Without the images, set down each entry exactly.
=== Dataset excerpts ===
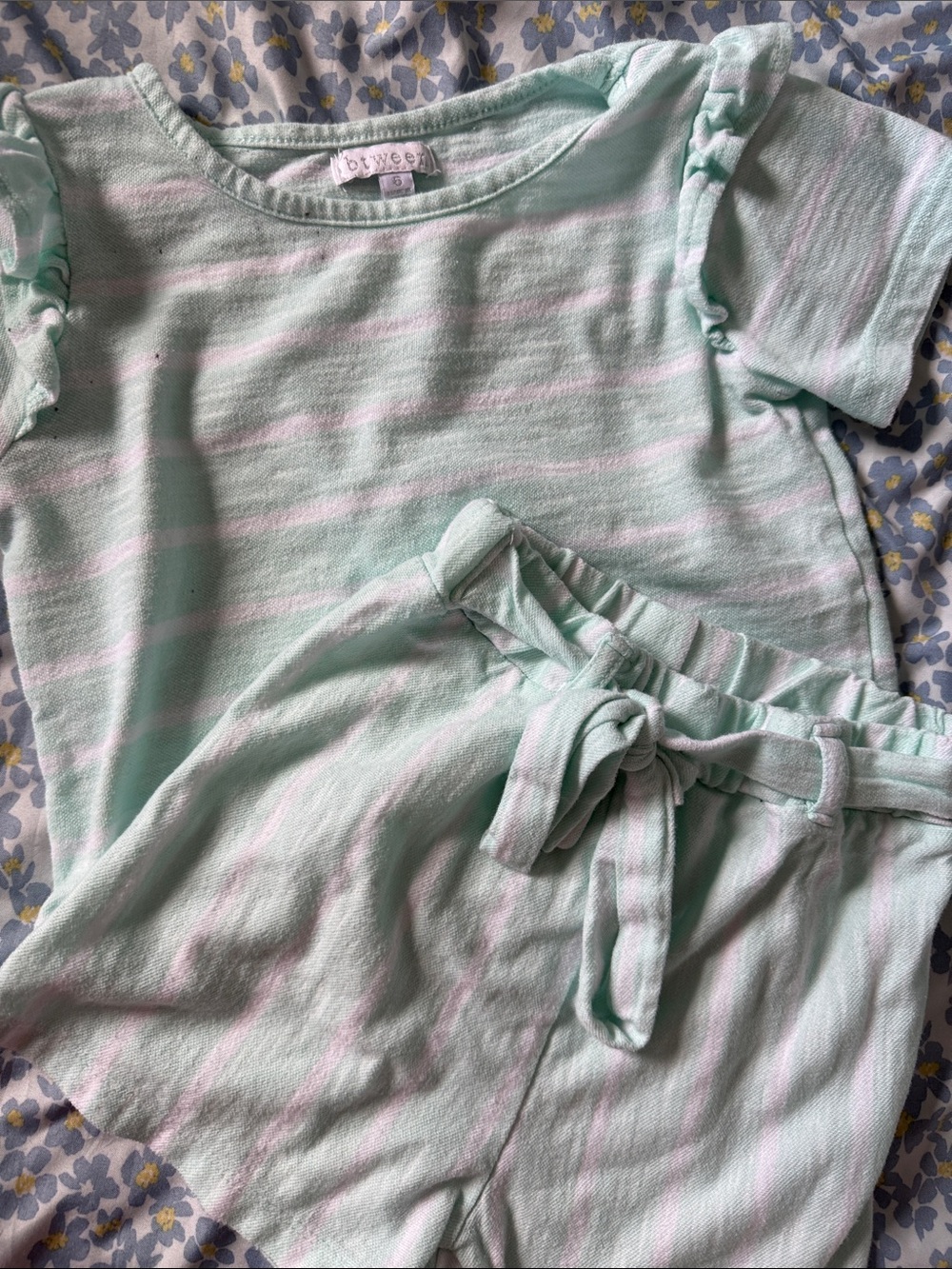 btween Mint and Light Pink Striped Short Sleeve Set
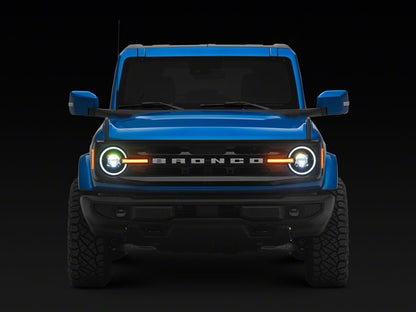 Raxiom LED Halo Headlights with White Backlight; Black Housing; Clear Lens (21-25 Bronco)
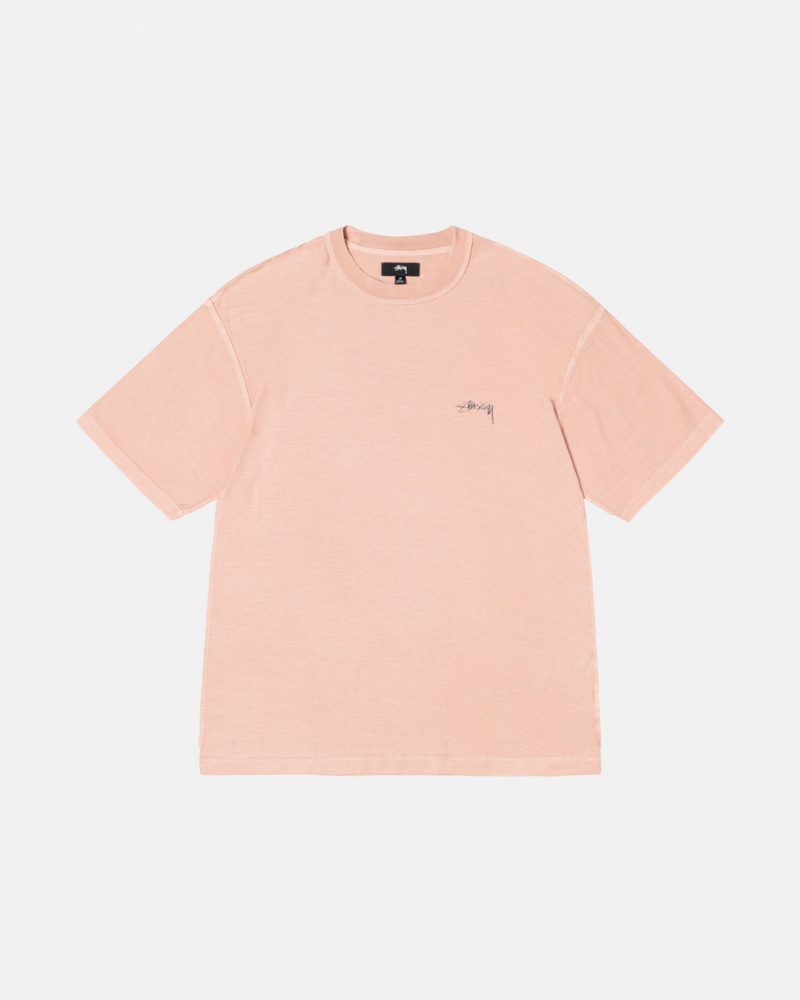 Stussy Pig. Dyed Inside Out Crew T-shirts Heren Lichtroze Nederland | HVM-5713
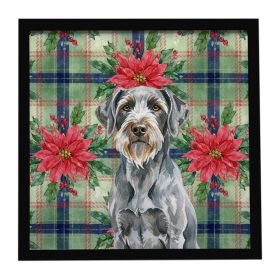 Steel Gray Wirehaired Pointing Griffon Christmas PoinsettIas Framed Metal Print Bathroom, Kitchen, Office, Home Decor Wall Art Ready to Hang, Squ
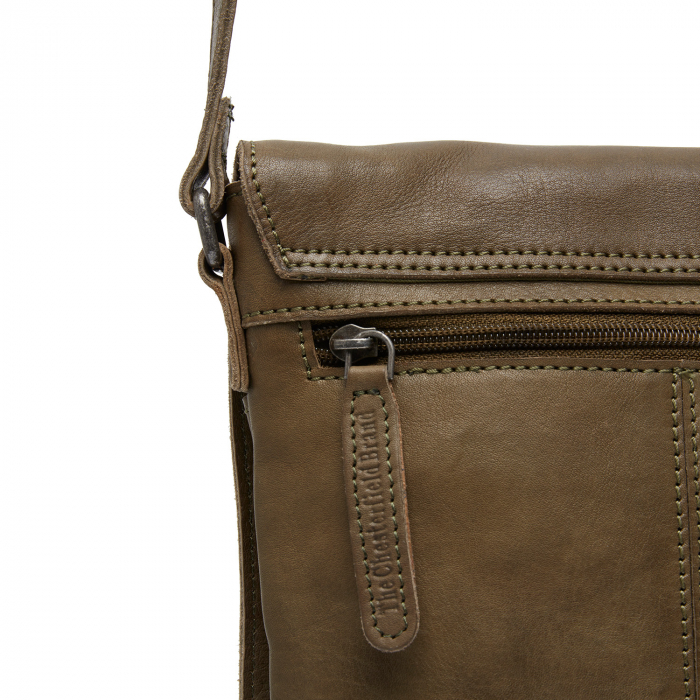 Geanta unisex din piele naturala, The Chesterfield Brand, Duncan, Verde olive [4]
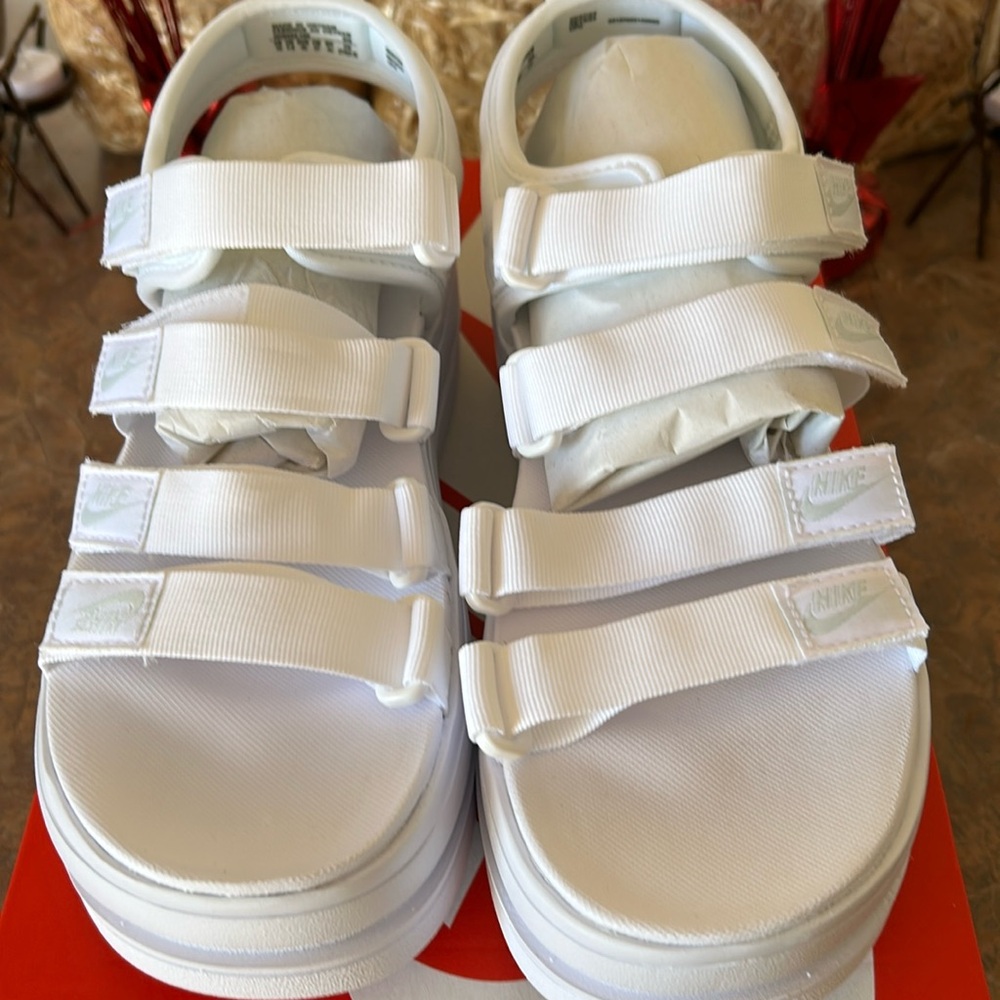 Nike White Icon Classic Platform Sandals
===
→ Result for this exercise:
 btween Mint and Light Pink Striped Short Sleeve Set
 Raxiom LED Halo Headlights with White Backlight; Black Housing; Clear Lens (21-25 Bronco)
 Stussy Pig. Dyed Inside Out Crew T-shirts Heren Lichtroze Nederland | HVM-5713
 Steel Gray Wirehaired Pointing Griffon Christmas PoinsettIas Framed Metal Print Bathroom, Kitchen, Office, Home Decor Wall Art Ready to Hang, Squ
 Geanta unisex din piele naturala, The Chesterfield Brand, Duncan, Verde olive [4]
 Nike White Icon Classic Platform Sandals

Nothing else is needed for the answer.